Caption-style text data
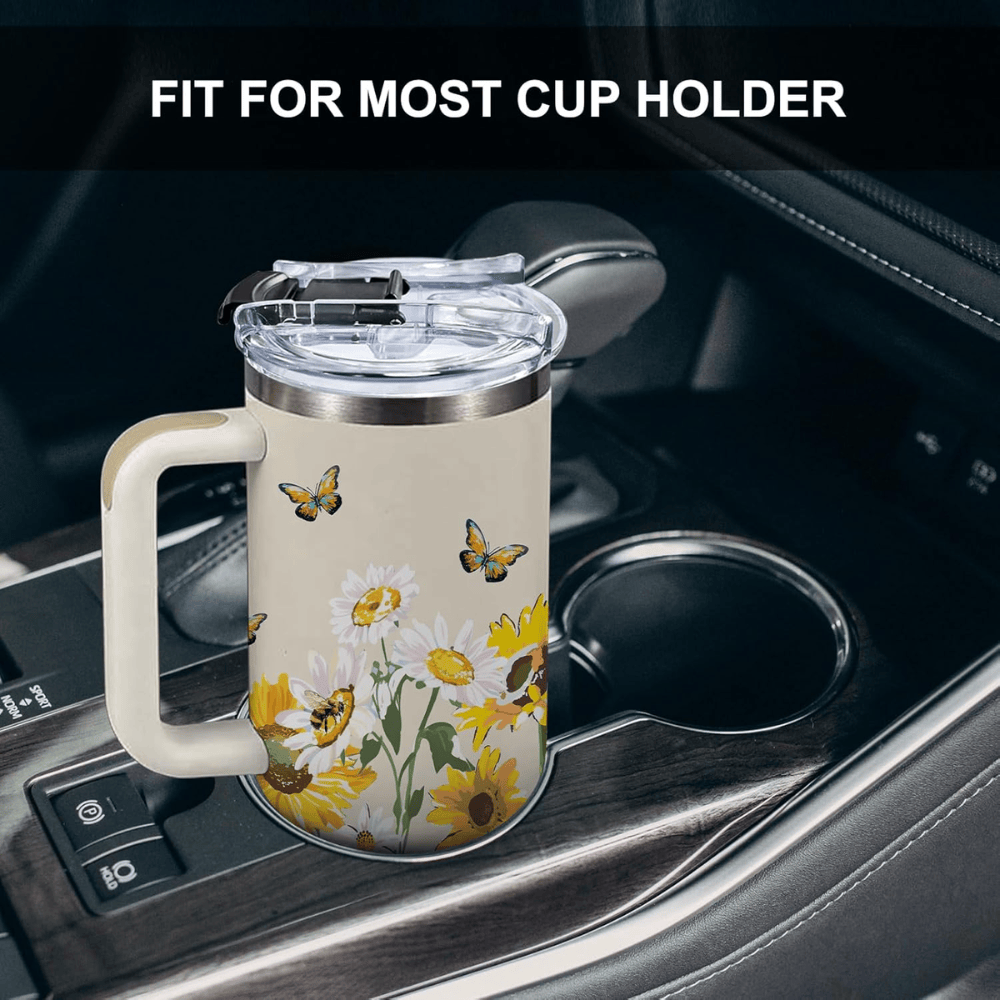 40oz "Pocketful of Sunshine" Tumbler | Vibrant White Daisy & Sunflower Gift for Floral Lovers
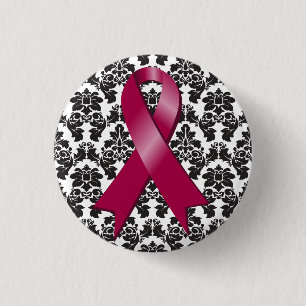 Badge Rond 2,50 Cm Myélome multiple Damask Burgundy Ruban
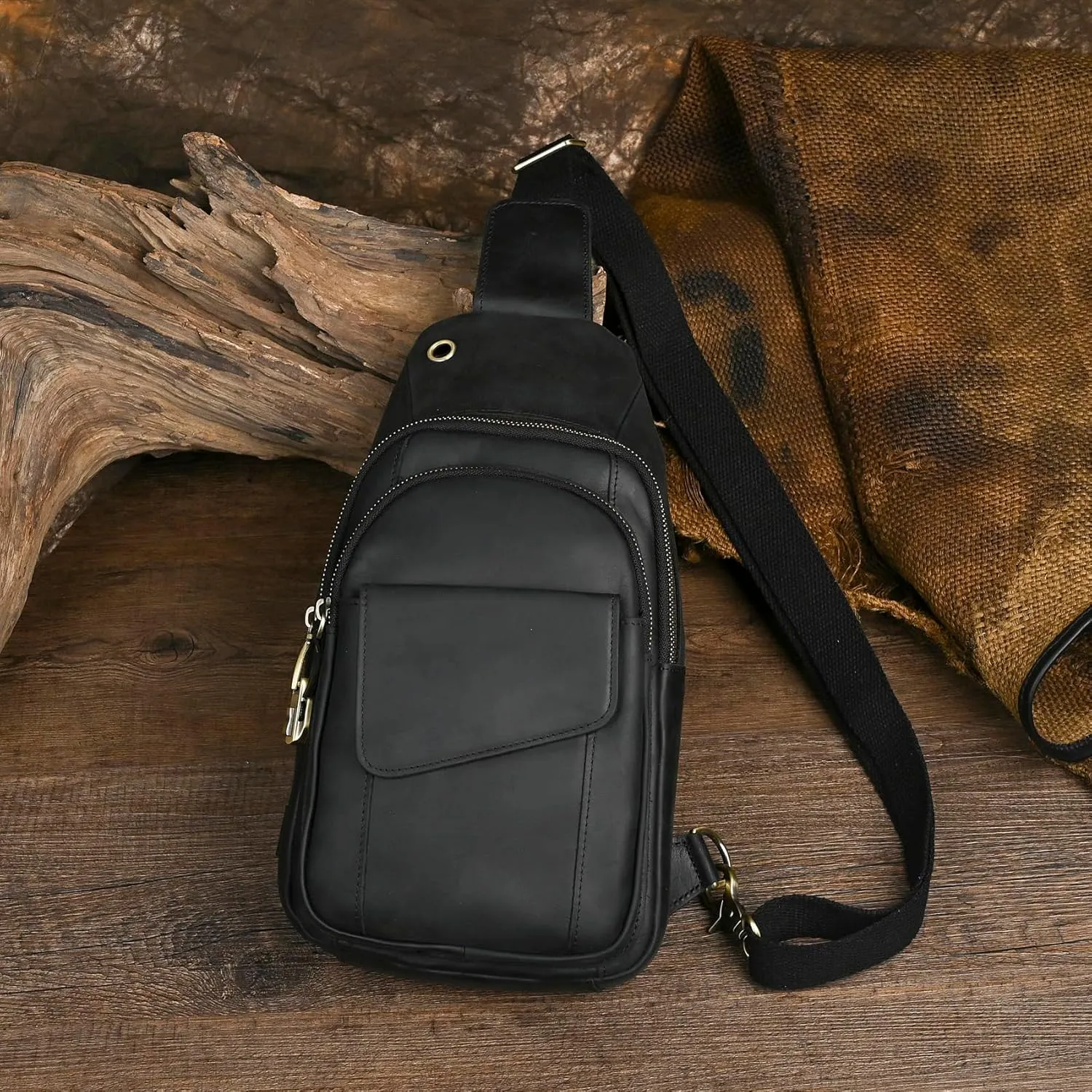 Le'aokuu Men Outdoor Casual Travel Hiking Tea Crossbody Chest Sling Bag Rig One Shoulder Strap Bag Backpack Men Leather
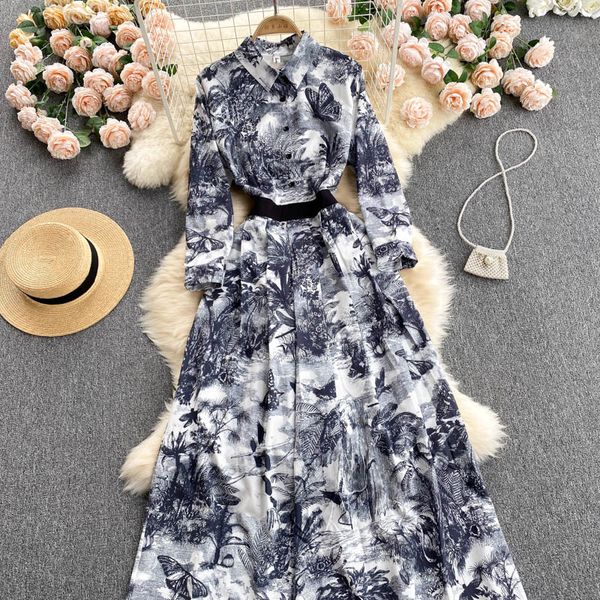 

2023 elegant floral vintage print brand designer runway dresses women autumn polo neck long maxi shirt party dress, Black;gray
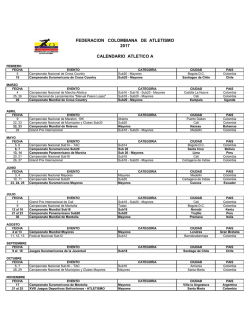 Calendario Federación Colombiana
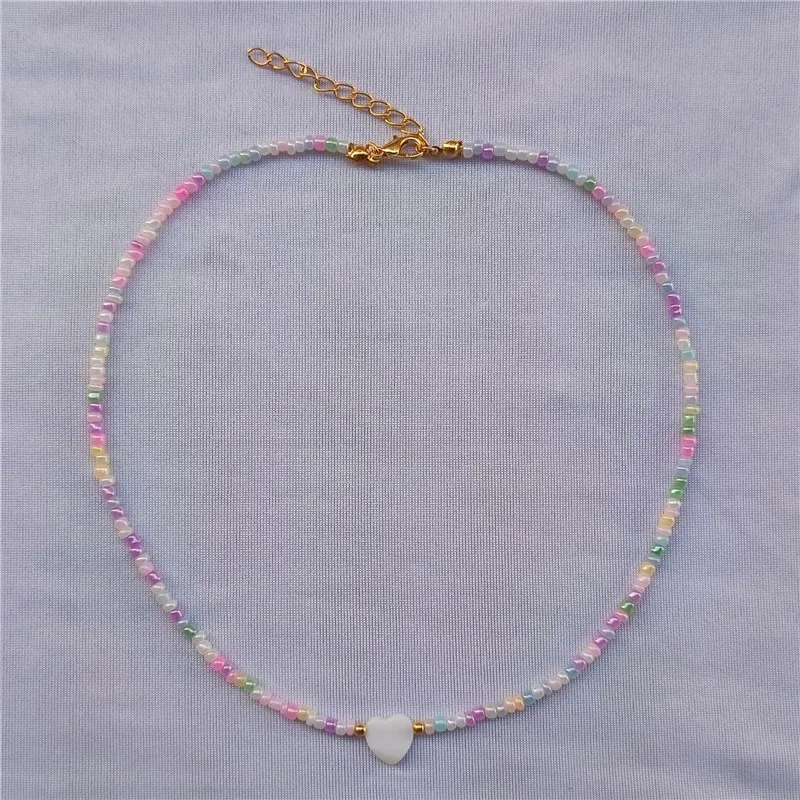Handmade Multicolor Seed Beads Necklace for Women Multicolor Sweet Heart Pendants Necklace Summer Girls Choker Collar Fashion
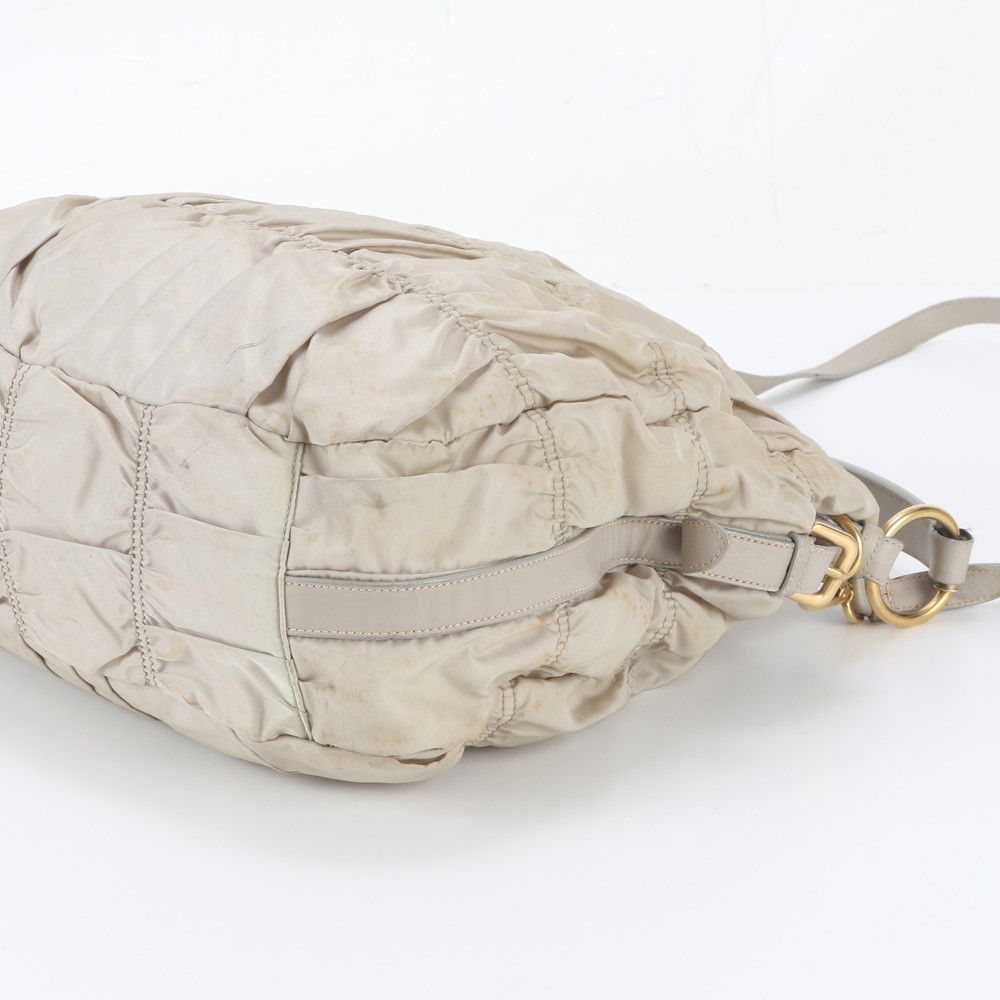 Prada Tessuto Nylon Gathered Triangle Logo Leather 2-Way Shoulder Bag — view 5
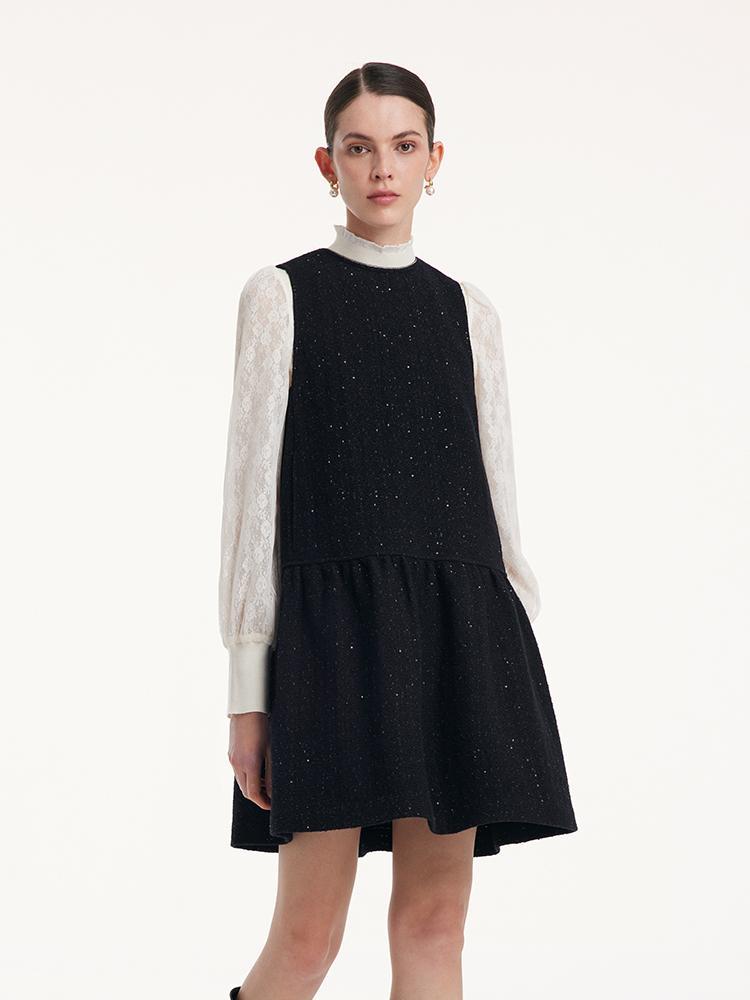 Round Neck Sequins Vest Dress GOELIA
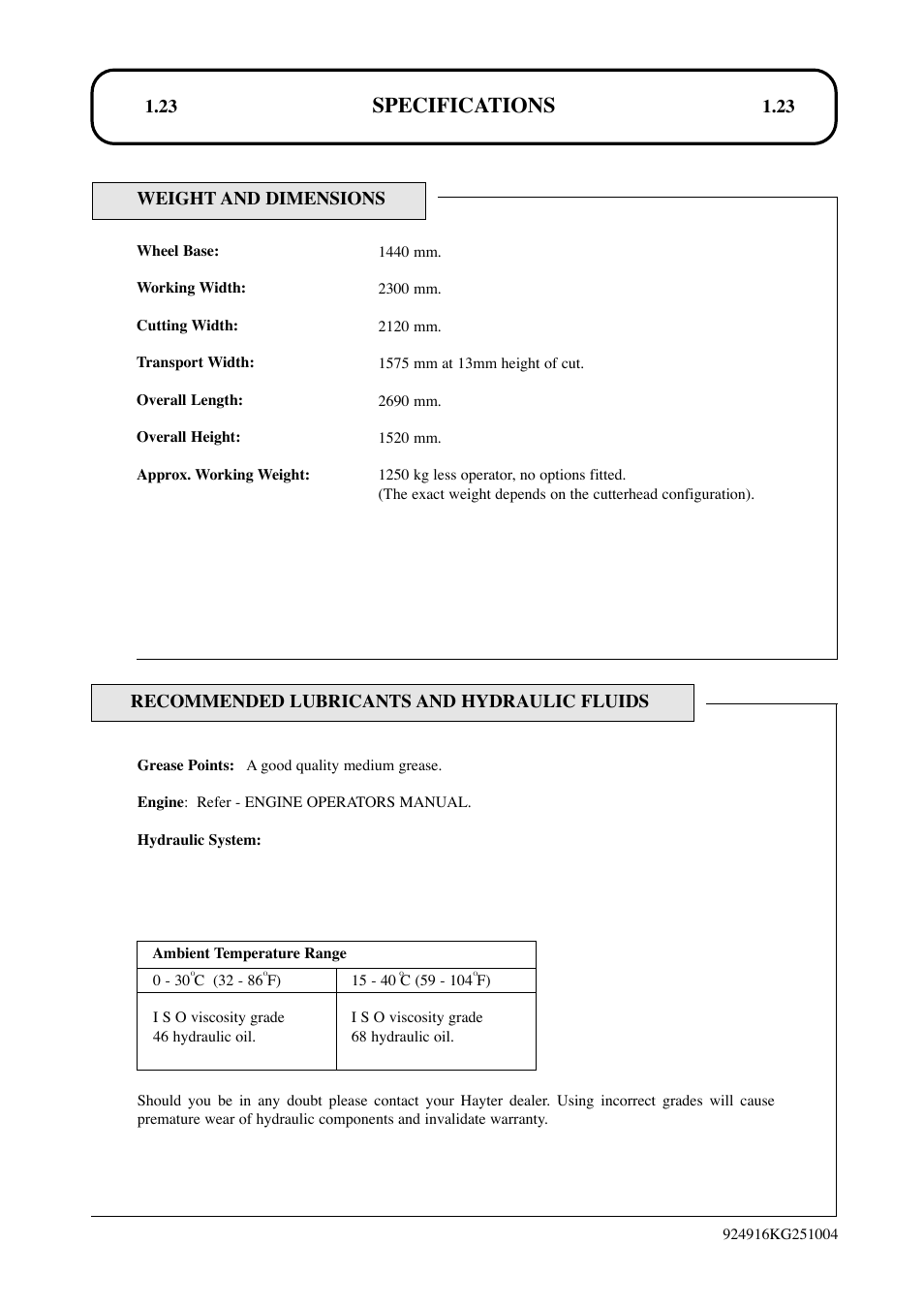 Specifications | Hayter Mowers LT324 User Manual | Page 23 / 80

- _Task item_
For this exercise, the lines from the one containing "Badge Rond 2,50" through the last line of the entries above are to be output exactly, both included, and pictures are skipped.

- _Answer to this exercise_
 Badge Rond 2,50 Cm Myélome multiple Damask Burgundy Ruban
 Le'aokuu Men Outdoor Casual Travel Hiking Tea Crossbody Chest Sling Bag Rig One Shoulder Strap Bag Backpack Men Leather

2023 elegant floral vintage print brand designer runway dresses women autumn polo neck long maxi shirt party dress, Black;gray
 Calendario Federación Colombiana
Handmade Multicolor Seed Beads Necklace for Women Multicolor Sweet Heart Pendants Necklace Summer Girls Choker Collar Fashion
 Prada Tessuto Nylon Gathered Triangle Logo Leather 2-Way Shoulder Bag — view 5
 Round Neck Sequins Vest Dress GOELIA
 Specifications | Hayter Mowers LT324 User Manual | Page 23 / 80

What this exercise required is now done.